05-10-2020, 03:36 PM
Voici une nouvelle suite, j'espère qu'elle vous plaira mais n'hésitez pas à faire des commentaires, positifs ou critiques. Merci à ceux qui le font déjà, cela m'encourage.
A ce stade du récit de Florentin, il fit un long arrêt durant lequel je comprenais que des tas d'idées entraient en collision les unes avec les autres, qu'il était en plein désarrois : il ne fallait surtout pas que je dise quoique ce soit, je devais le laisser réfléchir et que son silence était en quelque sorte la prolongation de sa cure de solitude. Je comprenais également qu'il allait y avoir de profondes modifications dans notre relation mais que Florentin ne me rejetterait pas comme si j'étais une personne malfaisante.
Je le sentais très malheureux.
Flo/ Lorsque je suis sorti, j'étais comme paralysé de tout ce que j'avais avoué au Père B. et, soudain, je réalisais la portée pour moi, pour toi Benjamin et également pour le Père B. qui a tant fait pour moi, qui a cru et espéré en moi.
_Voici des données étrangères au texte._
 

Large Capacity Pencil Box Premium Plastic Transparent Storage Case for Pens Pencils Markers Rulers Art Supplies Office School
Je pensais à toi que j'aimais comme jamais je n'avais aimé quelqu'un, et je savais que jamais je ne serais aussi heureux qu'avec toi.
Je ne vais pas te raconter tout le cheminement incohérent et contradictoire de mes pensées, de mes sentiments qui passaient de la tendresse pour toi en même temps que de la colère contre toi qui m'avait entraîné sur cette voie de l'amour ; je regrettais mon innocence et j'étais content d'avoir découvert la réalité de la vie, de ce que j'appelais par moment la vraie vie par opposition à celle que je vivais à D.
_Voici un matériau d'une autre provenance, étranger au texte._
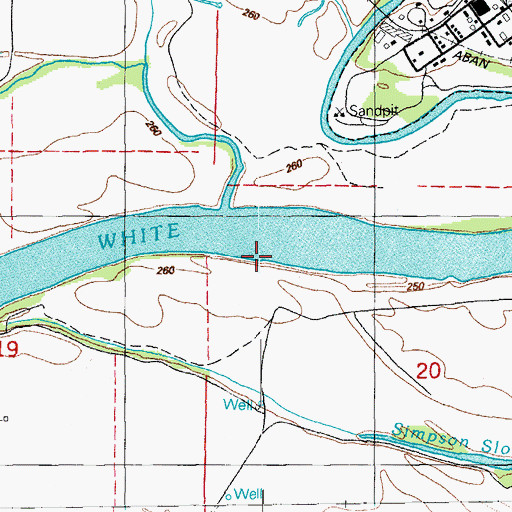 Topographic Map of Simpson Slough, AR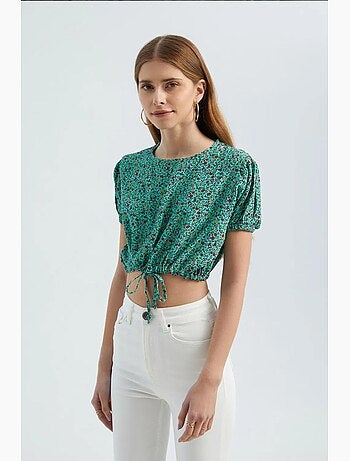 Blusa floral con cuello redondo y cordón ajustable hiccup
J'envisageais, au cour des heures de solitude que m'avait imposé le Père B., même si j'étais libre de partir, trente-six solutions : entrer dans les ordres ou accéder à la prêtrise, changer de ville et de collège et donc mettre de la distance entre nous en partant loin, très loin. Je pouvais également balayer tout ce qui avait contribué à faire ce que j'étais devenu et poursuivre et construire cette vie que nous avions déjà commencé à vivre. J'ai même envisagé, un très bref moment, la solution du suicide : ce n'aurait pas été une solution mais de la lâcheté pure et simple, cela aurait été un coup de poignard pour les deux seules personnes que j'aimais par-dessus tout, toi Benjamin et le Père B.
Aucune de ces solutions n'emportait mon adhésion et finalement je décidais de ne rien décider, de m'en remettre simplement à ce que mon conducteur de conscience jugerait être le mieux pour moi et pour nous deux.
Voilà, Benjamin, ce n'est pas très glorieux je te l'accorde, mais c'est comme ça…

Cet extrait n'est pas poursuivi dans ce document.